Molecular and nuclear physics provide the next level of analogy. At some degree of occupancy of the highest nuclear shells, a deformed shape becomes energetically preferable. Then the nucleus acquires a natural internal asymmetry. Again, this does not require any transition to an infinite particle number. And here the real analog of the Goldstone mode emerges, the rotational branch of the nuclear excitation spectrum. In molecules, rotational levels are abundant as a consequence of the specific molecular shape. Due to the finite moment of inertia, the rotational spectrum is discrete, but it seems difficult to deny that symmetry-breaking physics is appearing already on the level of a small, autonomous quantum system.
In many classical examples, such as superfluidity or superconductivity, the phase transition actually does not occur absolutely spontaneously. It is governed by the external heat bath bringing the system to a critical temperature. This is also seen clearly in Rayleigh–Bénard convective instability. In a similar way, the nuclear shape phase transition is driven, in the absence of a thermostat, by increasing occupancy rates of upper shells, or, we can say, by the chemical potential. There are examples where this shape transformation is quite sharp as a function of the nucleon number.
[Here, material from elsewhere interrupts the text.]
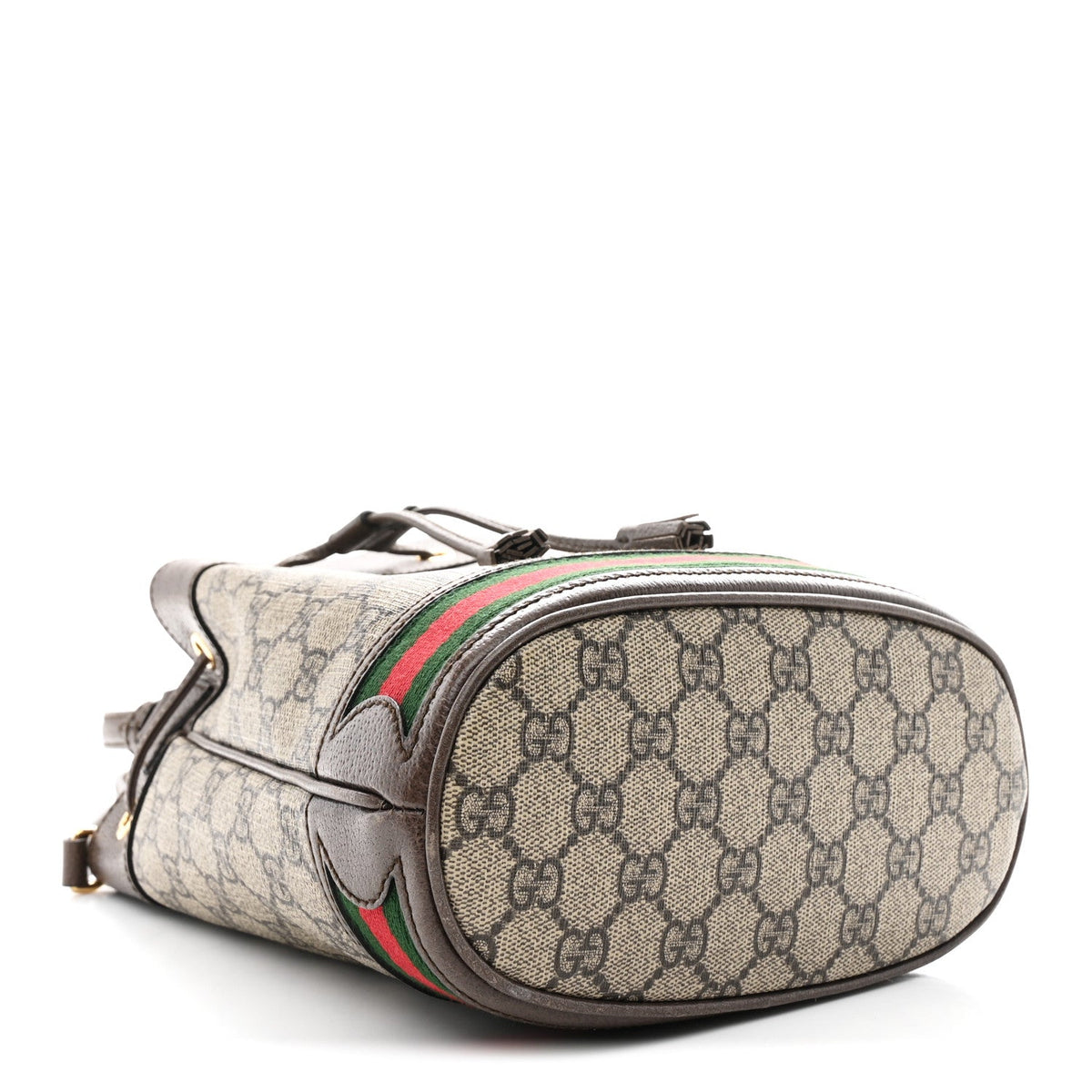 GG Supreme Monogram Web Small Ophidia Bucket Bag Brown wholesalehk.shop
On the other hand, an analog of the superfluid phase transition in nuclei is indeed different from that in the bulk superfluid. The low-lying states have a condensate of pairs with the formally evaluated correlation length exceeding the size of the nucleus. But here the effect of the finiteness of the system is clearly evident: excitation of the nucleus, similar to the heating, does not lead to the sharp phase transition at some critical temperature. Instead, we see just gradual crossovers to normal nuclear matter.
I believe that such a broad understanding of phase transitions and symmetry breaking in applications to finite quantum systems can be traced back to the pioneering work of James Rainwater, Aage Bohr, and Ben Mottelson on nuclear deformation and Bohr, Mottelson, and David Pines on nuclear superfluidity.1 My late teacher Spartak Belyaev has shown how nuclear pairing changes all observable nuclear properties, including the moment of inertia, through coexistence of those two critical phenomena in atomic nuclei.2 When he received the Eugene Feenberg Medal in 2004, Belyaev gave a lecture titled “Many-Body Physics and Spontaneous Symmetry Breaking,” combining physics of macroscopic superfluidity and nuclear collective phenomena.3
Vladimir Zelevinsky
Édouard Brézin replies:
I would like to thank our colleagues for their comments, which indeed point to other relevant, significant contributions to the topic of spontaneous symmetry breaking. In my short article, I wanted to illustrate how much this concept was ubiquitous; from condensed matter to cosmology and particle physics, I have tried to point out how our understanding of many phenomena is based on spontaneous symmetry breaking.